Nico Muhly: Mothertongue

Nico Muhly
Mothertongue
Bedroom Community
2008-07-22

Mothertongue, the second solo album of work by America’s most talked-about young classical composer, is subtitled “3 Large Vocal Works with Twitching” on his website. The description’s accurate, sort of. The three suites on the album do have a fidgety motion, but there are also moments of spare beauty. But these works aren’t large-scale in the way that Philip Glass’ work is, and each idea is dealt with in a mode that shares more with indie pop than classical music. The instrumentation, though wide-ranging, retains the chamber intimacy of Muhly’s first album Speaks Volumes — in its eagerness to include electronic effects it occasionally recalls the Books’s found sound collages. More obviously, Muhly takes Bjork’s vocal explorations of Medulla into stranger and more conceptual territory.

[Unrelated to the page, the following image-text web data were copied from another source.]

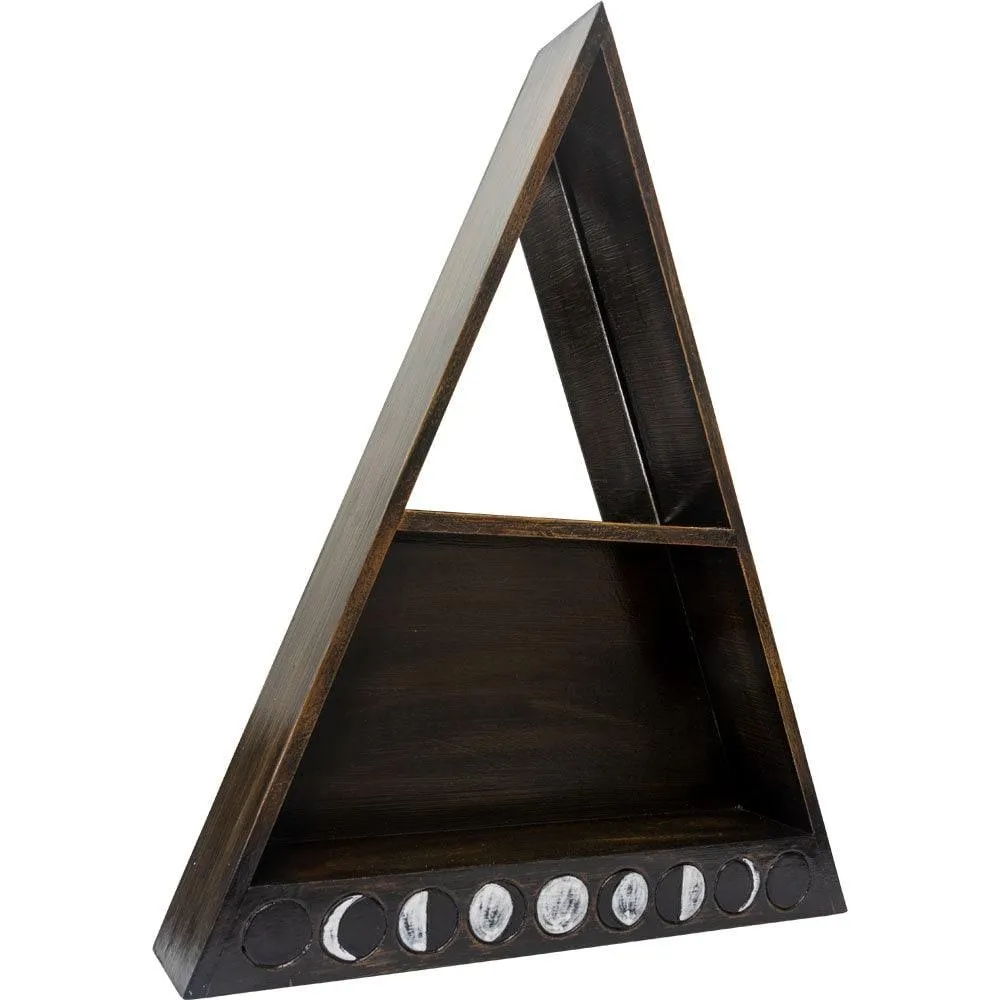 Wood Altar Shelf w/ Mirrors - Moon Phases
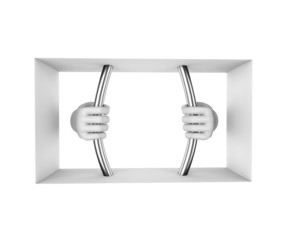 Hands in white gloves decompress the prison bars. 3d render. Whi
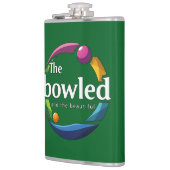 "Art in Motion: Bowling-Logo für Rundrasen, Flachmann (Links)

The “Mothertongue” suite is Muhly’s most conceptual work — vocals, whether the babbled phone numbers and street addresses of “Mothertongue I: Archive”, or the overarching vowels of “Mothertongue II: Shower”, are employed here in purely symbolic guise. The other two suites, “Wonders” and “The Only Tune”, attack the folk song tradition from opposite ends: the first takes a verse plucked from a Renaissance ballad and deconstructs it, or overwhelms it with muddy brass dissonance; the latter, builds up from individual syllables. The trope of jumbled words from “Mothertongue” reappears on “Wonders”, in the form of some Scandinavian language.

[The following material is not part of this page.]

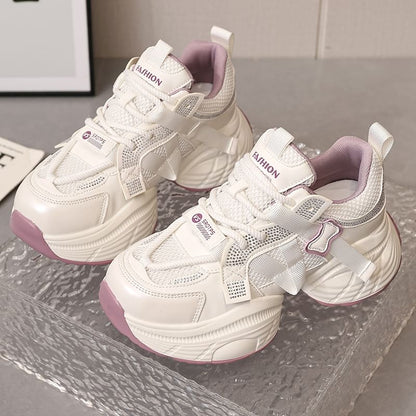 Panel Platform Rhinestone Mesh Faux Lace-Up Leather Sneakers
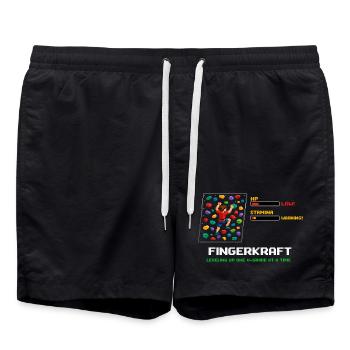 Retro Pixel Art Bouldern: Leveling Up Spruch - Badeshorts - Schwarz - Vorne - AI Model Male 185 light (185cm)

Mothertongue may be more difficult to evaluate as modern classical music than Muhly’s debut, Speaks Volumes, whose more straightforward chamber ensemble arrangements outlined the composer’s background in minimalism. (That album, and the ideas that went into its construction, are outlined in an excellent New Yorker article about the composer from February). Though Philip Glass and other minimal composers are essential to understanding where Muhly’s music comes from, it’s hardly minimal. Muhly makes more pastiche-y compositions, whose power comes from the incongruity of the comparators: Renaissance folk with minimalism, e.g. It’s a conceptual position that’s rich with possibility, and Muhly conveys his take on these incongruities with undeniable style. As he matures as a composer, Muhly will likely find the golden place where conceptuality and emotion coincide — then he may become the next classical composer, after Glass, to woo a whole new generation towards modern classical music.